Looking to buy a muzzle loader, the CVA Optima looks really good for the price.

Any thoughts about it as a hunting rifle?


----------



## FrontierGander (Nov 2, 2011)

awesome hunting and range shooting rifle. I own both the thumbhole and non thumbhole. Both triggers break at 2lbs with no grit or creep.

The question is, why wouldnt you buy an Optima?

Ive owned muzzleloaders that cost twice the price as the optima and the optima does everything just as good and even handles better than previous guns ive had.


----------



## Great_White_Hunter (Nov 2, 2011)

I bought an Acurra V1 last year. I had never even shot a MZ until I shot this rifle. It's very accurate and super easy to clean. The only con I can think of is it is a little heavy, but I really don't care. 
You will be very happy with the Optima.


----------



## the r.o.c. (Nov 3, 2011)

the only thing i dont like about mine is, cant keep the rod from jumping out. ive tried taking the fore piece of and bending the spring. afraid bending any more will break it.  put a new scope on mine this year. very accurate and no problems.


----------



## hambone76 (Nov 3, 2011)

I own the Optima Elite, and I love it! I have killed 5 deer with the .45 cal muzzle loader barrell on mine and I have not had a single issue with it. The 28" barrell will allow the powder to burn longer, thus producing a higher velocity than the shorter barrelled guns. It is very accurate and the factory trigger breaks like glass. Plus, you can't find better customer service (located in Ga.) The 28" barrel makes it a lil' heavy, but it isn't unbearable. I use the TC Gorilla see-thru mounts on my .45 barrell to get the scope above the hammer enough to put my thumb on top of it when I pull it back. The hammer is tapped for a spur on either side. This is an awesome gun and you won't be disappointed. Good luck.


----------



## mmarkey (Nov 3, 2011)

Real Men shoot Flintlocks. 

You asked.


----------



## FrontierGander (Nov 3, 2011)

real men shoot matchlocks, not those new fangled flinters.


----------



## mmarkey (Nov 4, 2011)

FrontierGander said:


> real men shoot matchlocks, not those new fangled flinters.


----------



## Jagter (Nov 13, 2011)

thanks guys, have heard stories about rust. Do I have to get a stainless gun?


----------



## Sloppy_Snood (Nov 13, 2011)

CVA Apex.


----------



## icdedturkes (Dec 5, 2011)

Great Gun.. I have an Elite, GF has an Optima and her father has a Wolf.. All highly accurate, easy to clean no problems so far.. 

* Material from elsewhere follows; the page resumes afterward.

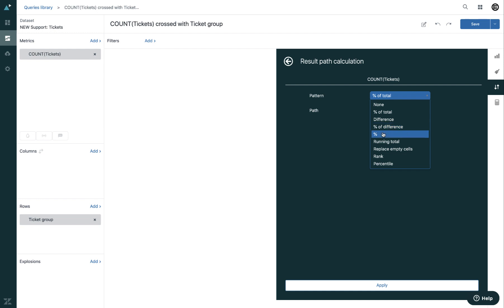Percentage displays the results as the percentage of the chosen reference input. Running total calculates the cumulative results by default on sum. The aggregator can be switched to average, minimum, or maximum.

You can on the other hand spend a couple hundred bucks more on another brand so that they can sponsor some more hunting celebrities and Tv Shows.


----------



## tv_racin_fan (Dec 5, 2011)

Those who had rust didn't clean correctly or well enough one or the other.

With a muzzleloader and anything other than blackhorn or smokeless powder you must clean after you shoot the same day at least and the sooner the better. (only a very few rifles can use smokeless powder)

Stainless wont prevent the rust from not cleaning either.


----------



## Unicoidawg (Dec 5, 2011)

mmarkey said:


> Real Men shoot Flintlocks.
> 
> You asked.



Real men could care less...... Just take what you got and shoot it well.




You'll like your CVA, never had any problems out of mine.


----------



## hambone76 (Dec 6, 2011)

icdedturkes said:


> Great Gun.. I have an Elite, GF has an Optima and her father has a Wolf.. All highly accurate, easy to clean no problems so far..
> 
> You can on the other hand spend a couple hundred bucks more on another brand so that they can sponsor some more hunting celebrities and Tv Shows.



Yep. 
My father just bought an Optima Elite combo....
It came with a 28" fluted, .50 cal barrell and a 30/06 centerfire barrell. Stainless with camo stock... $500 new.
I have the .45 cal and .270 win combo. 
CVA's are great guns that perform flawlessly, and won't cost you an arm and a leg.


----------